Sucio como las cuentas de Macri en Panamá. Así es el Ganges, uno de los ríos más famosos del mundo, que se extiende desde la zona del Himalaya hasta desembocar en el golfo de Bengala, recorriendo en su viaje más de 2.500 kilómetros de territorio de la India. Ese país al que Colón estaba seguro de haber arribado, hasta que vio que los nativos andaban con camisetas de Daddy Yankee y Jennifer Lopez.
Sin embargo, lo que torna tan especial al afluente no son los altos niveles de contaminación, sino su carácter sagrado. Un título que se ganó hace varios milenios atrás, cuando el dios Shiva lo creó lanzándolo desde los cielos, para delirio de la concurrencia. “¡Idolo!, ahora hacete el del cortar a la secretaria al medio”, le gritaban desde la tribuna, confundiéndolo con el mago del Circo Orlando Orfei.
Ese atributo sacro del Ganges es el que hace que cada día cientos de miles de personas se sumerjan en sus aguas buscando la purificación del alma y en muchos casos la redención de los pecados, siendo el engaño, la hipocresía y la falta de escrúpulos los más difíciles de lavar. A Fantino, por ejemplo, le hicieron tragar además lavandina y ácido sulfúrico, pero no hubo forma.

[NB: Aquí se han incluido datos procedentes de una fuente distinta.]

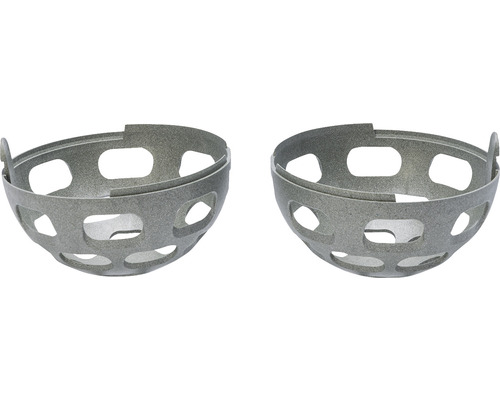 Kip Snackbal beeztees Grijs 15 x 15 x 15 cm Gerecycled plastic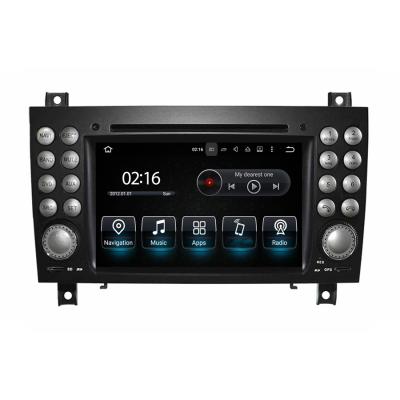 China Wifi Function Carplay Android 10 Screen Car Multimedia DVD Player For Benz SLK Class R171 2004-2012 Head Unit GPS Navi Auto Radio Audio Stereo for sale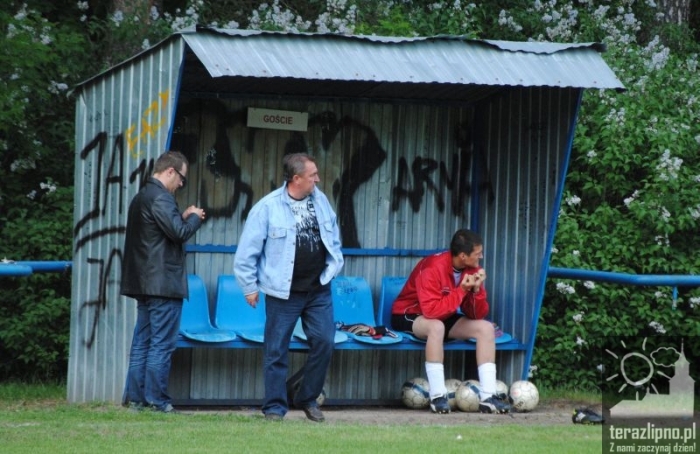 Dogoniliśmy Lider! - fotoreportaż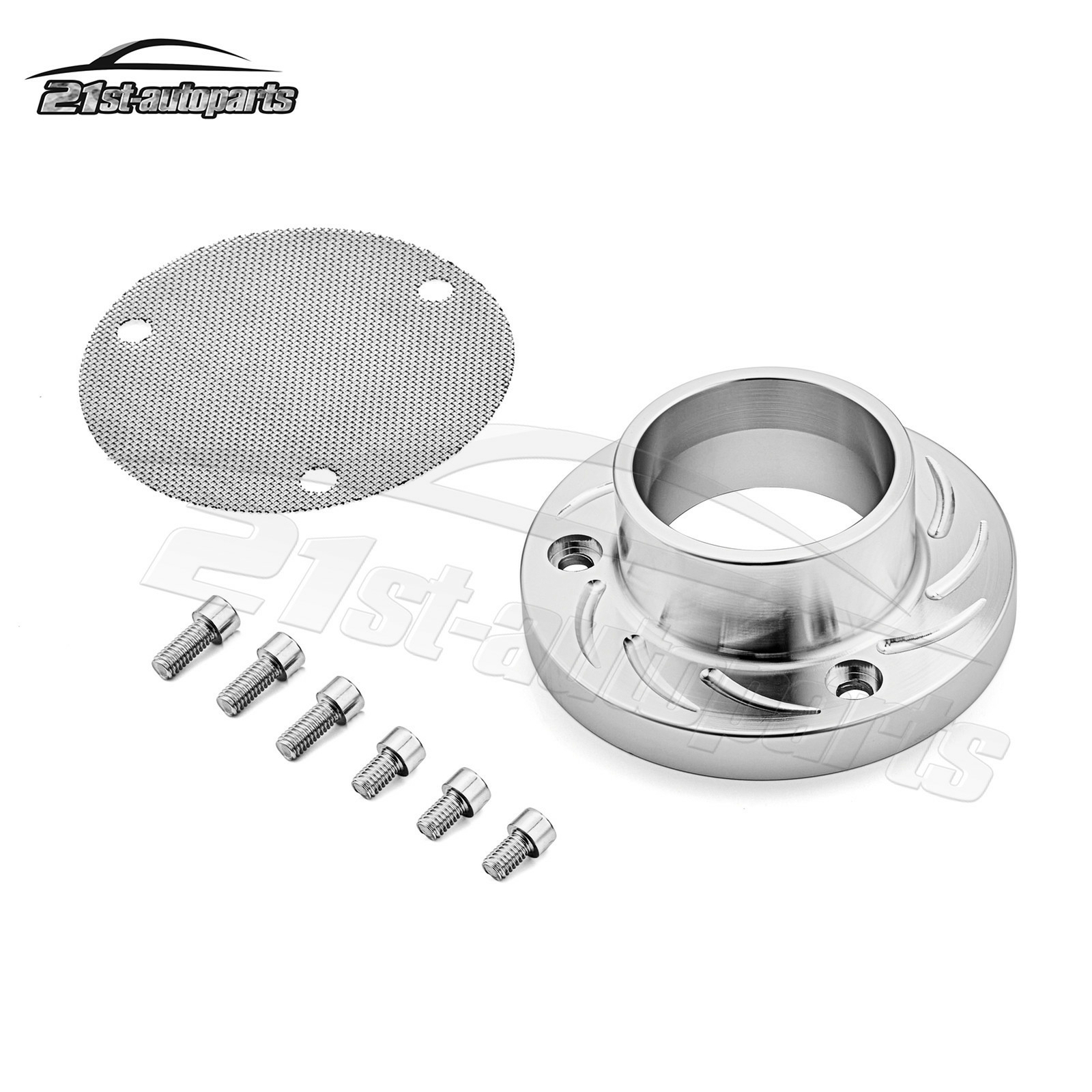 For Suzuki 0017 DRZ250 / 0024 DRZ400 Power Exhaust Tip With Screen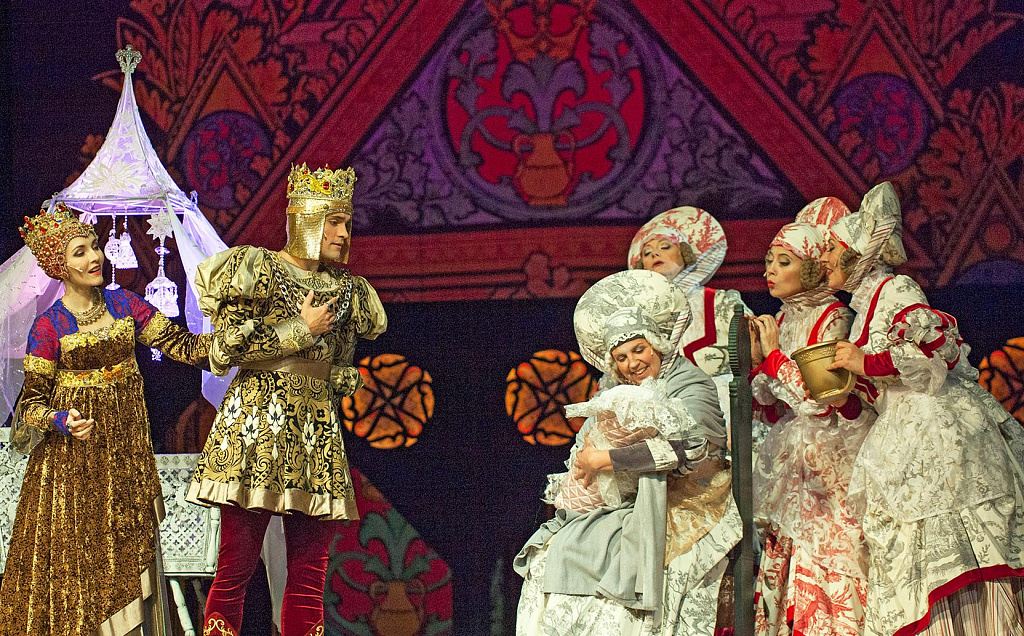 Спящая красавица (Театр Терезы Дуровой). Изображение 15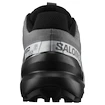 Heren hardloopschoenen Salomon Speedcross 6 Quiet Shade/Black/Pearl Blue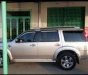 Ford Everest    2010 - Bán xe Ford Everest năm 2010, màu xám  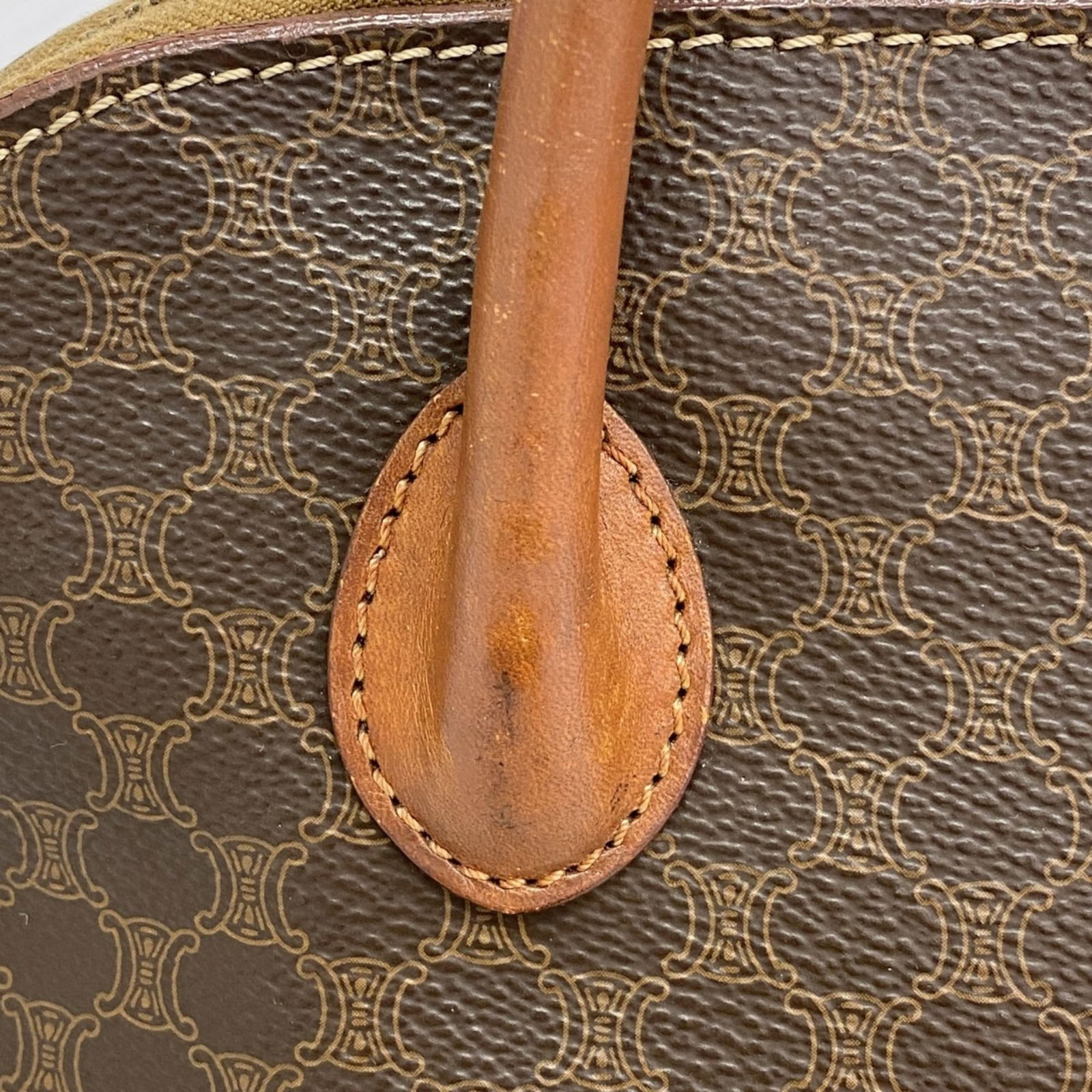 Pvc Celine Handbag - 7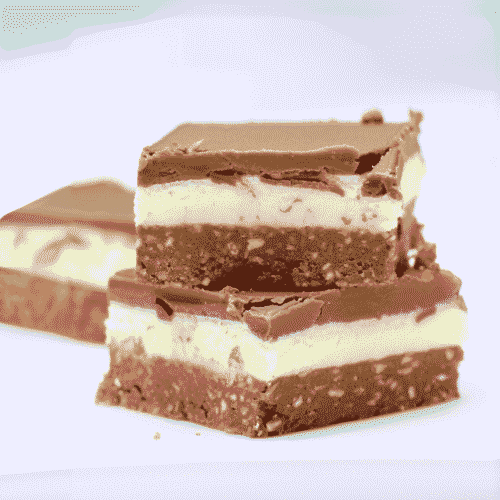 Nanaimo Bars (No-Bake Layered Dessert)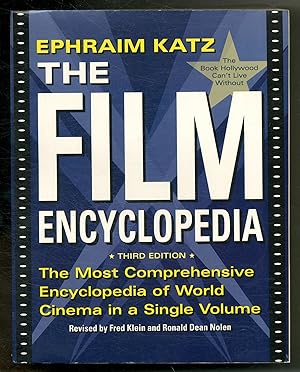 Imagen del vendedor de The Film Encyclopedia. Third Edition a la venta por Between the Covers-Rare Books, Inc. ABAA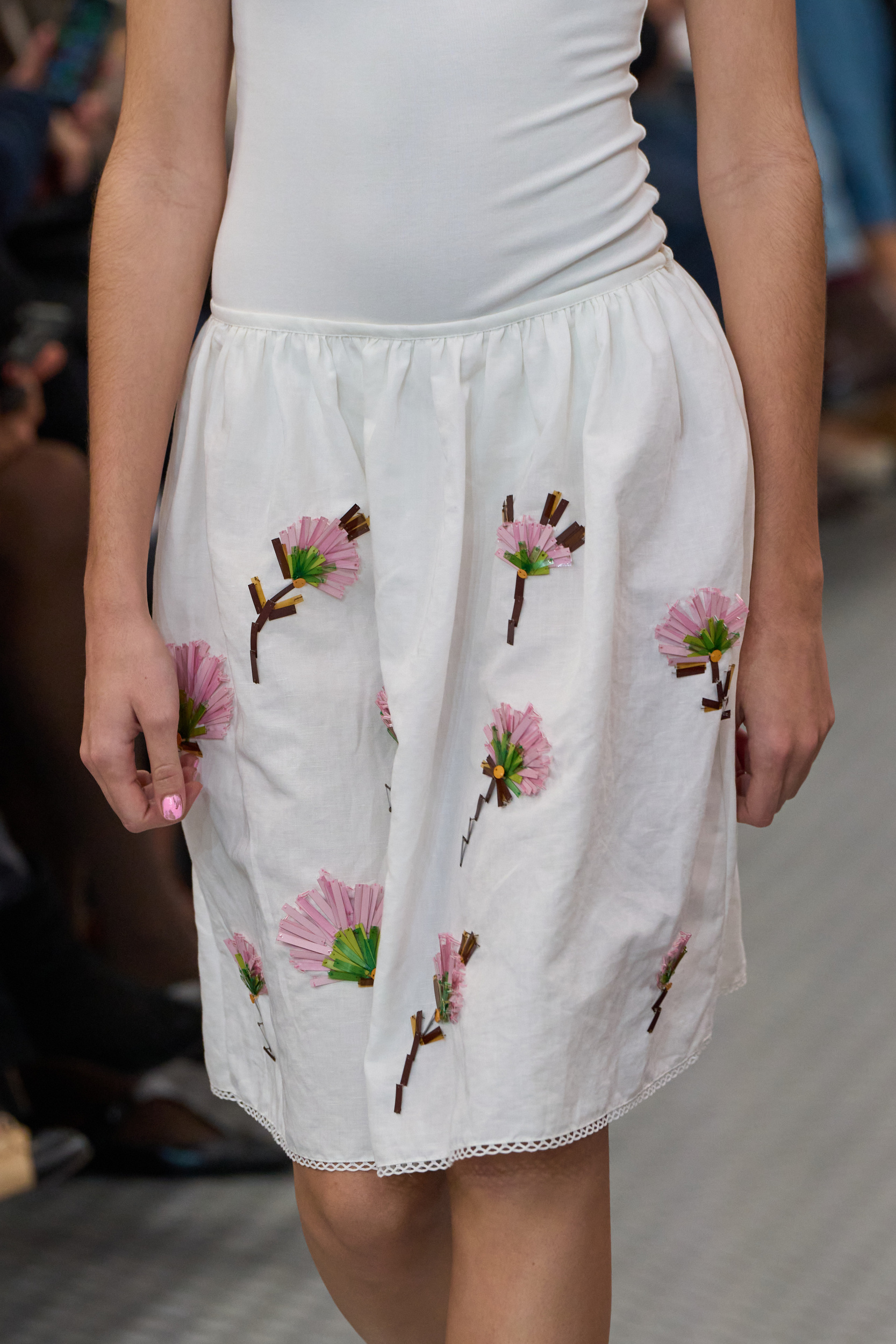 Miu Miu Spring 2025 Fashion Show Details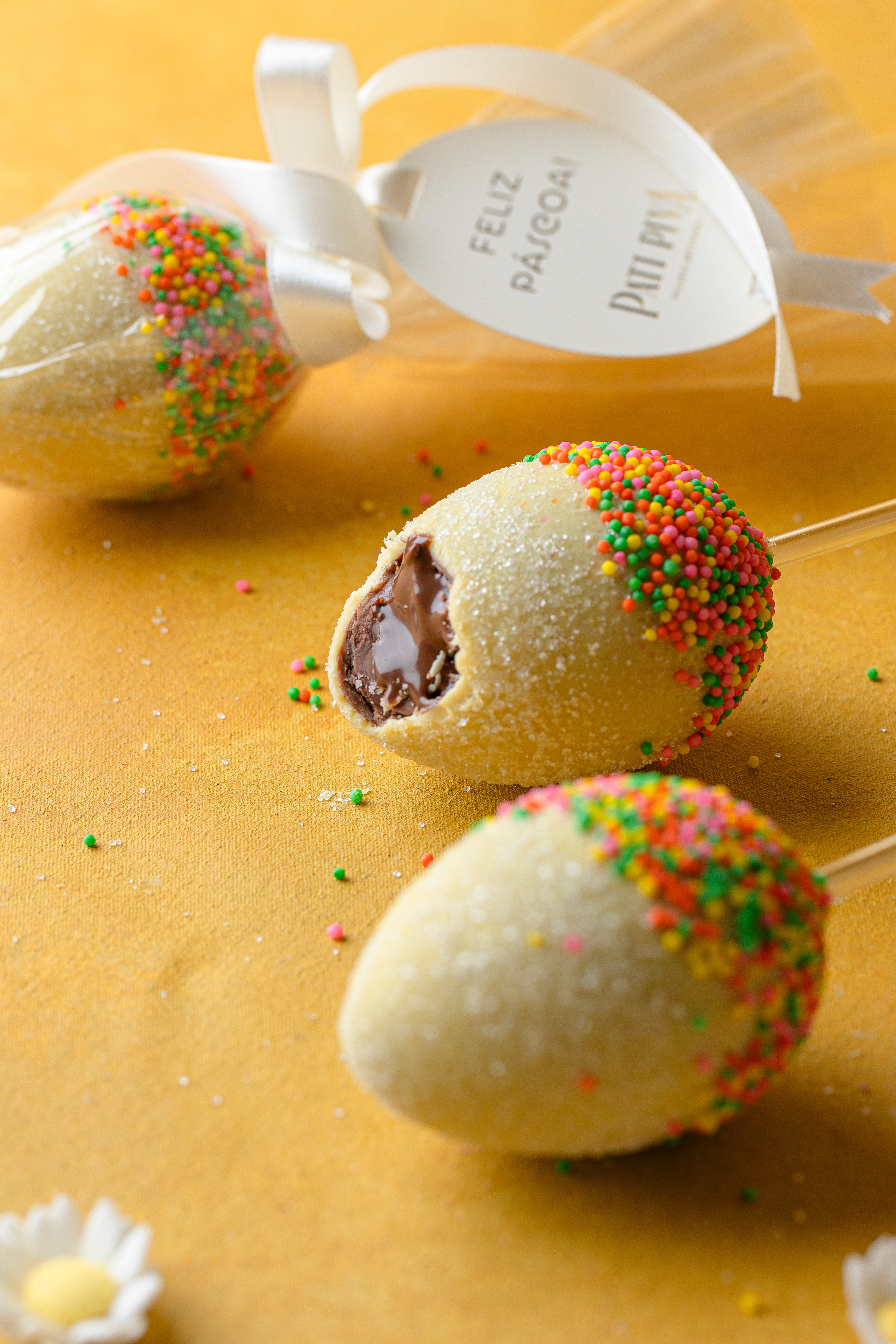 Combo de Páscoa - Sabor Pivatella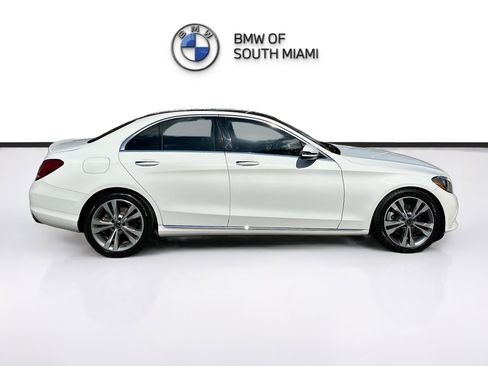 Used 2018 Mercedes-Benz C 300 Sedan image 7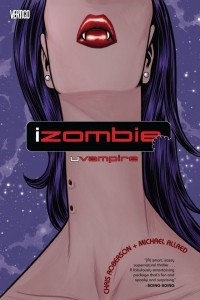 Книга iZombie Vol. 2: uVampire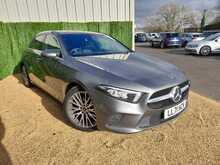 Mercedes-Benz A Class A180 Sport Edition - U150668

En ciudades como Varanasi, por ejemplo, la postal de tantas personas henchidas de fe arrojándose al agua, en desfile de creencias, etnias y apariencias, corporiza un espectáculo antropológico inigualable. Menos atractivo resulta el paso de los cadáveres a medio quemar, cuyos familiares lanzan en ritual crematorio que deja muy, pero muy mal parados a nuestros aburridísimos velorios criollos. “Más lindo sería con vacas, estatuas de Ganesha y dengue”, aconseja un hindú muy tradicionalista.